Referring to the lower portion of FIG. 4, such a master code is stored in a master code memory 48. In addition, there are set forth for illustrative purposes of the preferred embodiment of this invention, further code storage memory blocks for storing a slave code such as indicated at 49 and a sub-slave code such as indicated at 50. The codes in any one of these memories can be compared with a given keyboard input code by the comparator means 47 by selective connection of the particular stored code to the other side of the comparator means 47. Thus, each of the stored codes are provided with output leads 51, 52 and 53 passing to the fixed program storage and routing means 44 for connection to the comparator means 47 by way of lead 54 in accord with the particular stored code selected.

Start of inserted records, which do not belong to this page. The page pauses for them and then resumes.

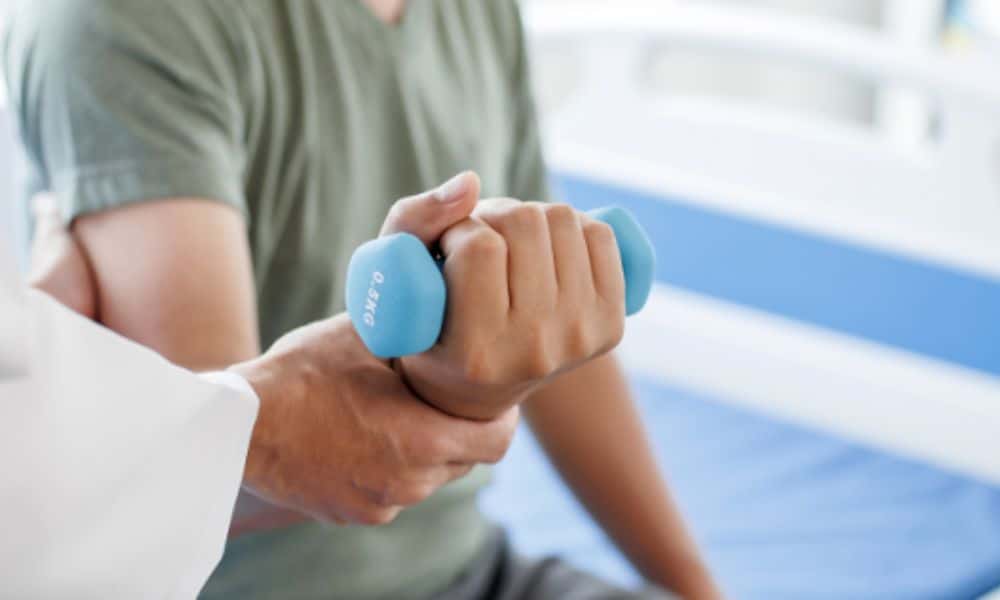 A doctor helps a person holding a blue light weight with an exercise.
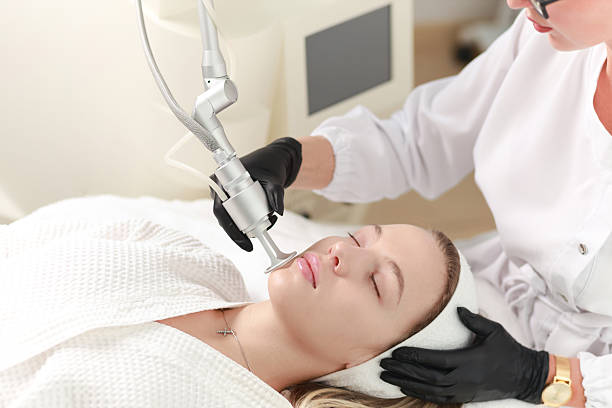 CO2  carbon dioxide laser resurfacing procedure in a Beauty spa salon. Professional dermatologist doctor working on a client. Hardware cosmetology procedure.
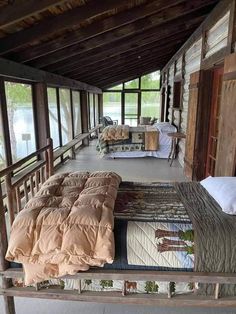 a bed room with two beds covered in blankets and pillows on top of it's sides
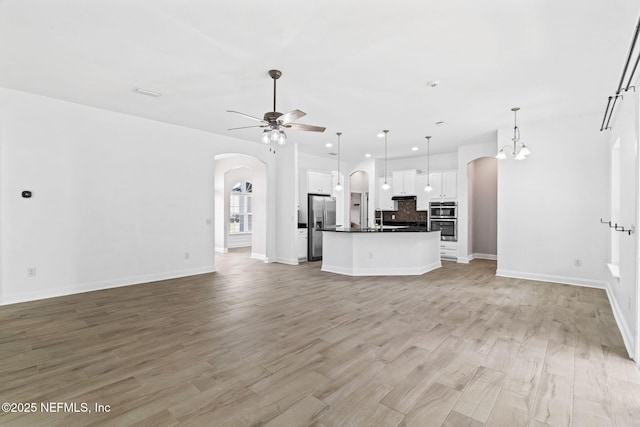 unfurnished living room with arched walkways, light wood finished floors, ceiling fan with notable chandelier, and baseboards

Assume, for example, that the given input keyboard code manually applied to the keyboard 15 corresponds to the master code in the master memory 48. Upon operation of the enter key 17 of the keyboard 15, the keyboard code from the keyboard storage means is compared by way of the comparator means 47 with the master code in the master memory 48 and if these codes are the same, the heretofore referred to enabling signal is provided from the output of the comparator means 47 on lead 55 to the restraining means indicated by the block 56. It will be recalled that this restraining means constitutes the pulse responsive solenoid and plunger described in FIGS. 2 and 3.
If the keyboard code manually applied to the push buttons 16 corresponds to the code in the slave memory block 49 of FIG. 4, this slave code is routed by means of the fixed program storage and routing means 44 through lead 52 to lead 54 for comparison with the keyboard stored code in the keyboard storage means 42 and again if the codes correspond, an enabling signal is provided on the lead 55.

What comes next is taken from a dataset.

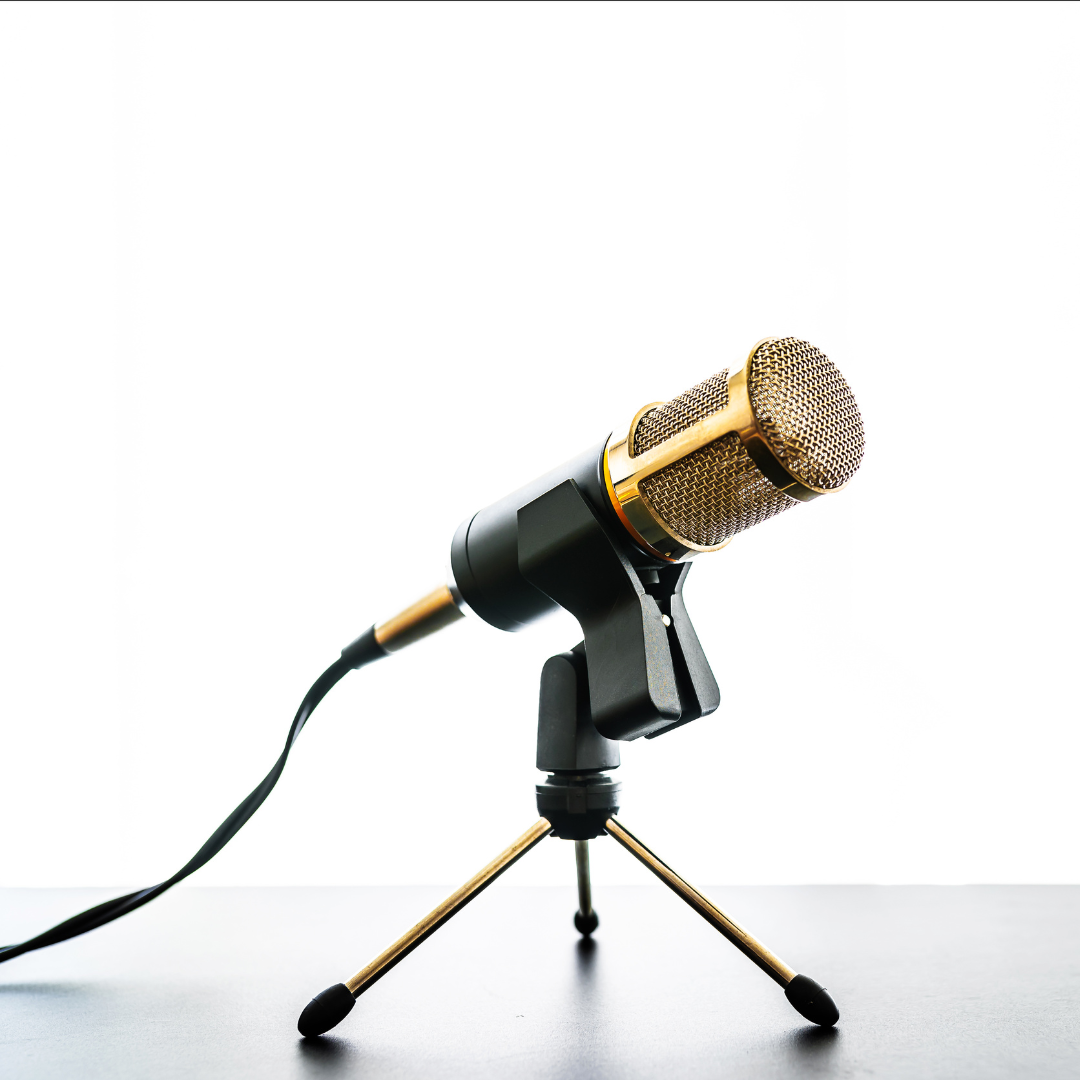 mic against a white background to signify our interview with BigCommerce website designers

Similarly, if a sub-slave keyboard code is manually inserted by the keyboard 15 corresponding to the sub-slave code in the sub-slave memory block 50, the comparator means 47 will provide an enabling signal to the restraining means 56.
It will be evident from the foregoing that in the particular embodiment illustrated, three different code combinations having the same number of digits or a different number of digits as desired may be separately stored in the master, slave and sub-slave code memory blocks 48, 49 and 50 respectively. Entry of a corresponding master, slave or sub-slave code on the keyboard 15 automatically connects the corresponding memory code by way of the fixed program storage and routing means 44 to the other side of the comparator means 47 for comparison with the keyboard code stored in the keyboard storage means so that if correspondence exists, an appropriate enabling signal will be generated. The same keyboard and combination lock arrangement is thus responsive to three different combinations.
The foregoing multiple storage of different combinations might be desirable where a landlord wishes to have access to all of the doors in an apartment complex by means of a single combination. Such combination would be stored in the master code memory block 48 of FIG. 4 in each of the individual electronic combination locks for the individual apartments in question. The slave code memory block 49 in turn, would contain a particular code different from the master code and known only to the tenant so that the tenant can gain access to his apartment only but none of the other apartments, the slave code memory block storing a different slave code for each different tenant. Finally, the tenant himself can provide still a different code in the sub-slave code memory block 50 for use by a maid or some other person that the tenant desires to have access to the apartment without knowing the tenant's code.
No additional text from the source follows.